Objective: To examine the relationship between body mass index (BMI) and semen quality among young men from the general population.
Design: Cross-sectional study.
Setting: Danish young men were approached when they attended a compulsory physical examination to determine their fitness for military service.
Patient(s): From 1996-1998, 1,558 (19%) young men (mean age 19 years) volunteered.
Main outcome measure(s): Semen volume (in milliliters), sperm concentration (in million per milliliter), percentage of motile spermatozoa, percentage of spermatozoa with normal morphology, total sperm count (in million), and testis size (in milliliters). In addition, serum reproductive hormones were measured.

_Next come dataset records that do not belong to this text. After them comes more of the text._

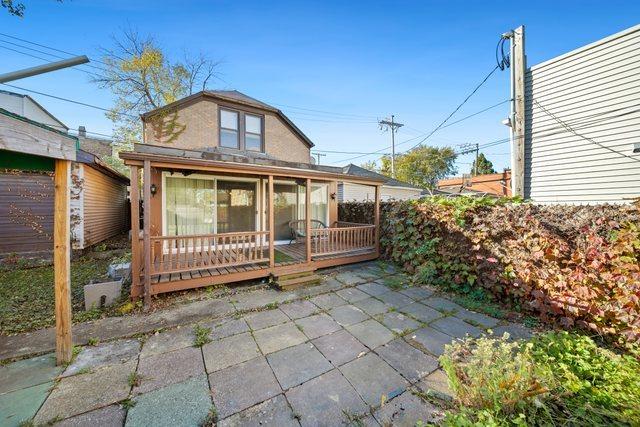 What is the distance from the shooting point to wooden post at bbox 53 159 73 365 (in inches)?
101

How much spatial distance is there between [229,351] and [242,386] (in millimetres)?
655

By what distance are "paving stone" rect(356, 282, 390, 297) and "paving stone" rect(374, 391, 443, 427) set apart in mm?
2500

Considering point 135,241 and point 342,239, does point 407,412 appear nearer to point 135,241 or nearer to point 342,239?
point 135,241

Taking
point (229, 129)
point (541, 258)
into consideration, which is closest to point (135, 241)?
point (541, 258)

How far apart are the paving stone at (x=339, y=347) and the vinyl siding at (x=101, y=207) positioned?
28.7ft

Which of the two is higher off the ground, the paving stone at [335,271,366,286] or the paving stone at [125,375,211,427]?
the paving stone at [335,271,366,286]

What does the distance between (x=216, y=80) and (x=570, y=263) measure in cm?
2098

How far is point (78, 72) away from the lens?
527 inches

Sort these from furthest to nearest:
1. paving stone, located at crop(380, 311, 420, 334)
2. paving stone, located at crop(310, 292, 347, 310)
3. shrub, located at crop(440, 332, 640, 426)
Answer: paving stone, located at crop(310, 292, 347, 310) → paving stone, located at crop(380, 311, 420, 334) → shrub, located at crop(440, 332, 640, 426)

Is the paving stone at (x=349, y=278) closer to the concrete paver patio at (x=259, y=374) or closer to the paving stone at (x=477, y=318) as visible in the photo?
the concrete paver patio at (x=259, y=374)

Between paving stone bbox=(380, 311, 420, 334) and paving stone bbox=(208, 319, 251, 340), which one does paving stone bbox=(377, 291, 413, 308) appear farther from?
paving stone bbox=(208, 319, 251, 340)

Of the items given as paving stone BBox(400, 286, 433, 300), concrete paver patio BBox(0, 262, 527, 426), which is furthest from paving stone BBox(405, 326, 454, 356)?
paving stone BBox(400, 286, 433, 300)

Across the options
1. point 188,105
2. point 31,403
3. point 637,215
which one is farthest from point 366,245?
point 188,105

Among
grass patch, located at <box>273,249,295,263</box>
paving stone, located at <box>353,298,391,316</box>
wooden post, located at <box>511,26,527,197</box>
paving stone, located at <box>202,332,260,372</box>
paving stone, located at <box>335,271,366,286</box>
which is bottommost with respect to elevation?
paving stone, located at <box>202,332,260,372</box> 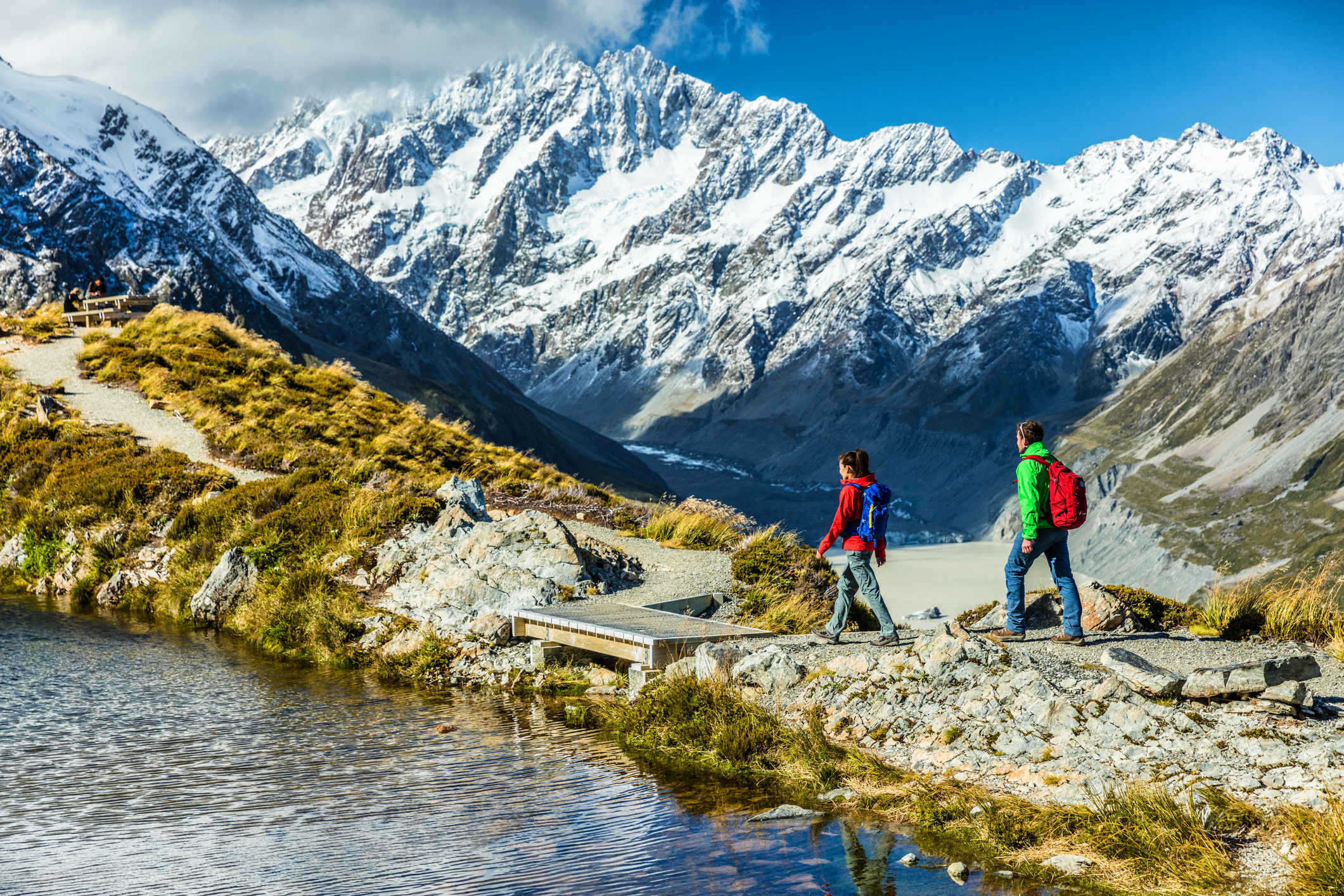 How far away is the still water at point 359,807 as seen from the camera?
22.9 ft

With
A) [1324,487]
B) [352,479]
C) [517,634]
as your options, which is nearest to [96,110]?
[352,479]

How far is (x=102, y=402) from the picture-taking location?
89.8 ft

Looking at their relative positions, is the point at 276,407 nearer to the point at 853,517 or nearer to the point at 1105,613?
the point at 853,517

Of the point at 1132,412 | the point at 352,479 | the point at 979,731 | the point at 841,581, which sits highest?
the point at 1132,412

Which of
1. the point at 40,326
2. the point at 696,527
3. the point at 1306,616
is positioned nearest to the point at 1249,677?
the point at 1306,616

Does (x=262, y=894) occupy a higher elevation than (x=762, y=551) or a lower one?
lower

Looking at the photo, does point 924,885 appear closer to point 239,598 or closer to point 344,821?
point 344,821

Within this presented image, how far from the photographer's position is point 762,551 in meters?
16.5

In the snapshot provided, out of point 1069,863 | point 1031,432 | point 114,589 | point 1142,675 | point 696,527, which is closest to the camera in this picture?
point 1069,863

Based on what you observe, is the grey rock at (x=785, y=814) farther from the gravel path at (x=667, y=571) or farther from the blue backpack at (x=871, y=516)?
the gravel path at (x=667, y=571)

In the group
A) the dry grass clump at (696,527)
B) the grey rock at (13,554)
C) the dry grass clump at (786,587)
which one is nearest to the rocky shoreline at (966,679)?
the dry grass clump at (786,587)

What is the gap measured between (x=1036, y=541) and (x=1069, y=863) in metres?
3.89

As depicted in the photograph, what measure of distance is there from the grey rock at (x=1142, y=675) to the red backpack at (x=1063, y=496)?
4.64 feet

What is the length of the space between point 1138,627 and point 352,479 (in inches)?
608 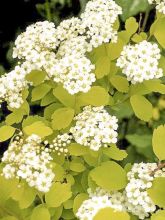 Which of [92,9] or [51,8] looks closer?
[92,9]

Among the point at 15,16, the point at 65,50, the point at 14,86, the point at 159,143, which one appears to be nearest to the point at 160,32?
the point at 65,50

Result(s): Serum T, sex hormone-binding globulin (SHBG), and inhibin B all decreased with increasing BMI, whereas free androgen index and E(2) increased with increasing BMI. Serum FSH was higher among slim men. After control for confounders, men with a BMI <20 kg/m(2) had a reduction in sperm concentration and total sperm count of 28.1% (95% confidence interval [CI] 8.3%-47.9%) and 36.4% (95% CI 14.6%-58.3%), respectively, and men with a BMI >25 kg/m(2) had a reduction in sperm concentration and total sperm count of 21.6% (95% CI 4.0%-39.4%) and 23.9% (95% CI 4.7%-43.2%), respectively, compared to men with BMI between 20-25 kg/m(2). Percentages of normal spermatozoa were reduced, although not significantly, among men with high or low BMI. Semen volume and percentage of motile spermatozoa were not affected by BMI.
Conclusion(s): High or low BMI was associated with reduced semen quality. It remains to be seen whether the increasing occurrence of obesity in the Western world may contribute to an epidemic of poor semen quality registered in some of the same countries. If so, some cases of subfertility may be preventable.